(Dataset content Opens)

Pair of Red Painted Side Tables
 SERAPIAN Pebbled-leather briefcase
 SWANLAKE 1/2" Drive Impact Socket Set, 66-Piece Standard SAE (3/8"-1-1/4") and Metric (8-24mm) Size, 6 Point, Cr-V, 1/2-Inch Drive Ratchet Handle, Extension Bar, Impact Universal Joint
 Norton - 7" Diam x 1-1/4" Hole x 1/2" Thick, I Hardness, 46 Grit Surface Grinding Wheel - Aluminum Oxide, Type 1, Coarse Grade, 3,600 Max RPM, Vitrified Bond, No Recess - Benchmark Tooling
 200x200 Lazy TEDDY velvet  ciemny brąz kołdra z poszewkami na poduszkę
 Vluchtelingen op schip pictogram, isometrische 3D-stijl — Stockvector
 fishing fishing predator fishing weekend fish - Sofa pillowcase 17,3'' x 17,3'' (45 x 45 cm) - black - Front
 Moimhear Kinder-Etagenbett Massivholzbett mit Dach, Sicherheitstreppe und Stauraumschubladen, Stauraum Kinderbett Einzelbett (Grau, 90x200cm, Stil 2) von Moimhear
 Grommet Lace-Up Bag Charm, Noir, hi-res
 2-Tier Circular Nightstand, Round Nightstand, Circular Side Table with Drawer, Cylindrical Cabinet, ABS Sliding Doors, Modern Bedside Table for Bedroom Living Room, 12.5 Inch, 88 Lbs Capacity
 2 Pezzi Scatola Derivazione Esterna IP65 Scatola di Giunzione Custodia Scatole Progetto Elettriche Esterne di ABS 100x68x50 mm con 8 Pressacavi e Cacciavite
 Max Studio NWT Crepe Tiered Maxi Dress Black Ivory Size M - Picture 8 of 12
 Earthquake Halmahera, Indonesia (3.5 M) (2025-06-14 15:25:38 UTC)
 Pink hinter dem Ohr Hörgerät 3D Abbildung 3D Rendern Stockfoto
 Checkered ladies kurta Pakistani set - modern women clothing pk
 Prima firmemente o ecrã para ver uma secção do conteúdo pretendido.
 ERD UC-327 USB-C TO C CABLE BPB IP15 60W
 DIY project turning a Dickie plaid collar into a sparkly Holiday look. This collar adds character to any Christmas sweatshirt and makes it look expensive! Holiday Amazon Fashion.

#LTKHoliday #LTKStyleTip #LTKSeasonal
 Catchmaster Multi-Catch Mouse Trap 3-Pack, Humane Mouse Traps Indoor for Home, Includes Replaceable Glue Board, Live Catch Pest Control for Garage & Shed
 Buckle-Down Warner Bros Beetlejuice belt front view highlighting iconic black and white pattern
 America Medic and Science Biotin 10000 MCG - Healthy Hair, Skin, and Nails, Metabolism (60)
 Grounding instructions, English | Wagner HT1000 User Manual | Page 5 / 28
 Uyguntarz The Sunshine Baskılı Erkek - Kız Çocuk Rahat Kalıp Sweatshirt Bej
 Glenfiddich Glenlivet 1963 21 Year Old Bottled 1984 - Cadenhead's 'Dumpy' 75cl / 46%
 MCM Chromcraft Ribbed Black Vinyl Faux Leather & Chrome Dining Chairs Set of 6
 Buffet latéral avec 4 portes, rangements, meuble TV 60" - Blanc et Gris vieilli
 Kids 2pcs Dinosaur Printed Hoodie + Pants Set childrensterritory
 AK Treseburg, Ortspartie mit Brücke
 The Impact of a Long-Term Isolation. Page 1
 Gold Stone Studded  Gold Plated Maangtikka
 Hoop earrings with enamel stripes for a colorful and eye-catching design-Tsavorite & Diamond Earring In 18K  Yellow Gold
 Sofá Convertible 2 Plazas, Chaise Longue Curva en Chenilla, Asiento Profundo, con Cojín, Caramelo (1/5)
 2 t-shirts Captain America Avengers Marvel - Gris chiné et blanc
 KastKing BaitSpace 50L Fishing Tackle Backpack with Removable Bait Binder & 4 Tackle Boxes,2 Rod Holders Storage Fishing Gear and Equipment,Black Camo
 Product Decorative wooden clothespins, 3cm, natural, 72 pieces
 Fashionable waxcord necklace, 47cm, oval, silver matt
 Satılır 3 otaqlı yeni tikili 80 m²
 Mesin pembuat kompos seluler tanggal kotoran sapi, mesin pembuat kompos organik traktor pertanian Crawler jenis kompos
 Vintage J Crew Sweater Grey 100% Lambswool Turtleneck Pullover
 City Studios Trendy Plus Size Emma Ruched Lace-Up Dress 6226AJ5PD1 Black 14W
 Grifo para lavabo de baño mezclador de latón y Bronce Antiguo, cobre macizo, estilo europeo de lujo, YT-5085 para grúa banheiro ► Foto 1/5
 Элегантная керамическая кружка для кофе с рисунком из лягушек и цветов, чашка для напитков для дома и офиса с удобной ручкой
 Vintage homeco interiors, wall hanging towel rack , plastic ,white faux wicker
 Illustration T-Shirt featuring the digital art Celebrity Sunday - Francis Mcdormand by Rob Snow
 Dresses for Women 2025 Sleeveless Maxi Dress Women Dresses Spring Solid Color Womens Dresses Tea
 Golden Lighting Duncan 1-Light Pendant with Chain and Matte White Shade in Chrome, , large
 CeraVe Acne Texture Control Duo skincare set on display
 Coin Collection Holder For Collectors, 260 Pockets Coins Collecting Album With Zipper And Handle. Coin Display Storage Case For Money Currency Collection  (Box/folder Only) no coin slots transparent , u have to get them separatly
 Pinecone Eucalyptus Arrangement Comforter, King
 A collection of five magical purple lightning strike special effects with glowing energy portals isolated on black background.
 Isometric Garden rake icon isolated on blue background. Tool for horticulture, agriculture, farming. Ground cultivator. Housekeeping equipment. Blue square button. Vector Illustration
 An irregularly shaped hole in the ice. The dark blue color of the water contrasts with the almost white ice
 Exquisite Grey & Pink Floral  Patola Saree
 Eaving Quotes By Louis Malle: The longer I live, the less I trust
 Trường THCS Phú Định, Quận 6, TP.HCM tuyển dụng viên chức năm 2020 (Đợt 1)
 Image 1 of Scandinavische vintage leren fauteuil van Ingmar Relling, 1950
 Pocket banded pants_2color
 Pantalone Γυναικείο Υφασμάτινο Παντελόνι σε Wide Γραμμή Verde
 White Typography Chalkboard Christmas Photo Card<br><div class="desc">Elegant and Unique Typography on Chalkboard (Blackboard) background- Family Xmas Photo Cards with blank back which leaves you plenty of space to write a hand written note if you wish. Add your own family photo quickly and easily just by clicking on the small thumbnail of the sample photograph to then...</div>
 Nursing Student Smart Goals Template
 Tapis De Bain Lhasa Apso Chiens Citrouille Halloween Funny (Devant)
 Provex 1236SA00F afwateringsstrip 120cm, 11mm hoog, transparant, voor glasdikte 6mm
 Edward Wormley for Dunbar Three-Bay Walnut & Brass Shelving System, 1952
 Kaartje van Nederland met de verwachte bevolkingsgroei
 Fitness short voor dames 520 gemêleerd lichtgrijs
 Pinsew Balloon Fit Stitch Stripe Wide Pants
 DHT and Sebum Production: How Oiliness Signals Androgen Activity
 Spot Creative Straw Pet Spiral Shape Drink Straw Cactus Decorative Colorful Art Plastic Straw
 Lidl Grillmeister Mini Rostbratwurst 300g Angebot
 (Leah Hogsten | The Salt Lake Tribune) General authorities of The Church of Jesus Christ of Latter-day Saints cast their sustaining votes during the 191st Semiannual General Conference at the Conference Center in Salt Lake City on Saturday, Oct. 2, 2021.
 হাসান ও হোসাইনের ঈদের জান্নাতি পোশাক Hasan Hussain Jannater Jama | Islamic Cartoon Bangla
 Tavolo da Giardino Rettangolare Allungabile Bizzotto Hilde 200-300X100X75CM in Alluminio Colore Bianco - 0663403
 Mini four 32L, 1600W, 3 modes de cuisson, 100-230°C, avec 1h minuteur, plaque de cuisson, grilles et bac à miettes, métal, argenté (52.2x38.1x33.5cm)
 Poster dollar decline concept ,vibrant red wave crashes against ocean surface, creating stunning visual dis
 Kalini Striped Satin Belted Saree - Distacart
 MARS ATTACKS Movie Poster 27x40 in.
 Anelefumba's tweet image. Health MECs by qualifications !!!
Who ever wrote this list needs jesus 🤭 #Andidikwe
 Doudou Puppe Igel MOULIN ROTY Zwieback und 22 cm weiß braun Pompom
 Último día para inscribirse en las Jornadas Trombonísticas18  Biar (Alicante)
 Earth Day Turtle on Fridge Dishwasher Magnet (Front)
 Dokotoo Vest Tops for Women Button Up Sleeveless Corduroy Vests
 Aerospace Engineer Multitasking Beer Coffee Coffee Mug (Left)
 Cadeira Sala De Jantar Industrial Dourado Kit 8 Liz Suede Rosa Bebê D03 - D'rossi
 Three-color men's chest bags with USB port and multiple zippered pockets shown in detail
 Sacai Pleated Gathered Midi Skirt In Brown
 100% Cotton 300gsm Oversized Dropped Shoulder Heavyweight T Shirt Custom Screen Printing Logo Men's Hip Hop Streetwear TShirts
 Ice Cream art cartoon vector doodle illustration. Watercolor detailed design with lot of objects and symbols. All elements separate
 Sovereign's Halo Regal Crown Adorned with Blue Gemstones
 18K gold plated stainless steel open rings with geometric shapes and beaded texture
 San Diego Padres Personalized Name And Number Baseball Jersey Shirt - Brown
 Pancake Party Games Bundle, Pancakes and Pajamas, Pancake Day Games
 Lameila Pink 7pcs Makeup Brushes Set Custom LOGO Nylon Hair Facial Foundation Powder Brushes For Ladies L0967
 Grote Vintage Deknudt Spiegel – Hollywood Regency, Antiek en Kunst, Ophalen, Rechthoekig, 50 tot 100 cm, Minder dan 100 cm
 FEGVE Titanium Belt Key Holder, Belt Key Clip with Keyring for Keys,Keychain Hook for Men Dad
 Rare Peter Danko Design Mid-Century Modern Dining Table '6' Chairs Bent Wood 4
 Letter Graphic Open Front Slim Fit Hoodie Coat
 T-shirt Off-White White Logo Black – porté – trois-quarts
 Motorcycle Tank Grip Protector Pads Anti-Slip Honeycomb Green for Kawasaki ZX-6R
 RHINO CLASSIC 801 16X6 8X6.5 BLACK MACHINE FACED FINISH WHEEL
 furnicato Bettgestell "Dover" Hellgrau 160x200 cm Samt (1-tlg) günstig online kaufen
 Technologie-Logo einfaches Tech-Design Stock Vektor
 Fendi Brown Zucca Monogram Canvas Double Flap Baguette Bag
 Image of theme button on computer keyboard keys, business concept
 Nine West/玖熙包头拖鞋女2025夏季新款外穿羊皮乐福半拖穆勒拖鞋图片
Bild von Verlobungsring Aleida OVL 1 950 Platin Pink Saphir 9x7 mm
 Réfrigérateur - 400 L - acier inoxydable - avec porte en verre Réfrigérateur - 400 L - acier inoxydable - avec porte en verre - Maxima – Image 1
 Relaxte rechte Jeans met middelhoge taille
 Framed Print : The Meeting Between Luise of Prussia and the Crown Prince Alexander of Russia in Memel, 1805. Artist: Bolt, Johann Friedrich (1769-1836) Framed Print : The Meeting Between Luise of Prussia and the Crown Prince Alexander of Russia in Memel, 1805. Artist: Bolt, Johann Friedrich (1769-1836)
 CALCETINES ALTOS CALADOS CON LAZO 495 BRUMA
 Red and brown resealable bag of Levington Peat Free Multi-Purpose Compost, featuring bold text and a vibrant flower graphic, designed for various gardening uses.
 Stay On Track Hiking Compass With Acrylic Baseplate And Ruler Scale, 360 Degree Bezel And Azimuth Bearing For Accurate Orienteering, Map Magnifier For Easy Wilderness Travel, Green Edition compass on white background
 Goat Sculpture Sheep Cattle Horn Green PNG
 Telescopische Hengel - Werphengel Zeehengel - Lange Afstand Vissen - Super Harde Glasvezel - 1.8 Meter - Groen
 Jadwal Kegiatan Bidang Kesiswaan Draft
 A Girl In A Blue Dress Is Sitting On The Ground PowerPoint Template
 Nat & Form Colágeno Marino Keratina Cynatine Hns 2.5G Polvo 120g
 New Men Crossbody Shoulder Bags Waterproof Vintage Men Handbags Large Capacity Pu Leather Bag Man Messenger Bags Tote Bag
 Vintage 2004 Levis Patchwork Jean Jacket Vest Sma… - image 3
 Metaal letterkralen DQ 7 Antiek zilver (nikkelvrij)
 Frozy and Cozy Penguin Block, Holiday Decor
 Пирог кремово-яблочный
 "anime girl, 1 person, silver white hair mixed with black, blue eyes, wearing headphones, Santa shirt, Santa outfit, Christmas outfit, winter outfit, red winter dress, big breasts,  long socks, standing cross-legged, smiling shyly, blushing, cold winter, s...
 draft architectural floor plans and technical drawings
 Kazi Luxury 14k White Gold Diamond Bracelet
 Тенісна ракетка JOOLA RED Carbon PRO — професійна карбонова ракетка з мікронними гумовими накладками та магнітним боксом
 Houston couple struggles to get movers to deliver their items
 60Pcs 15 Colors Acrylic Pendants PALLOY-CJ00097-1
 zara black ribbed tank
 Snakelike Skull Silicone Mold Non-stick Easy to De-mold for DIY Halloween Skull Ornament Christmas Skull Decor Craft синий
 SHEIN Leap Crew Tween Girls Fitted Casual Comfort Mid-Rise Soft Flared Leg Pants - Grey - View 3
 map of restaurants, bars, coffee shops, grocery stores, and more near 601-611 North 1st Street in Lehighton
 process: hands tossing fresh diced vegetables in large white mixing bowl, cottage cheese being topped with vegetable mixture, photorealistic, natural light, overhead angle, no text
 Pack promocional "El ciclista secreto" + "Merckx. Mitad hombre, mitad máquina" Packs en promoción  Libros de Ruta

(Dataset content Closes)

### Exercise aim
Take the stretch of lines above from the one containing "Relaxte rechte Jeans met middelhoge taille" through the one containing "Goat Sculpture Sheep Cattle Horn Green PNG" and repeat it exactly, adding no other line.

### Task solution
 Relaxte rechte Jeans met middelhoge taille
 Framed Print : The Meeting Between Luise of Prussia and the Crown Prince Alexander of Russia in Memel, 1805. Artist: Bolt, Johann Friedrich (1769-1836) Framed Print : The Meeting Between Luise of Prussia and the Crown Prince Alexander of Russia in Memel, 1805. Artist: Bolt, Johann Friedrich (1769-1836)
 CALCETINES ALTOS CALADOS CON LAZO 495 BRUMA
 Red and brown resealable bag of Levington Peat Free Multi-Purpose Compost, featuring bold text and a vibrant flower graphic, designed for various gardening uses.
 Stay On Track Hiking Compass With Acrylic Baseplate And Ruler Scale, 360 Degree Bezel And Azimuth Bearing For Accurate Orienteering, Map Magnifier For Easy Wilderness Travel, Green Edition compass on white background
 Goat Sculpture Sheep Cattle Horn Green PNG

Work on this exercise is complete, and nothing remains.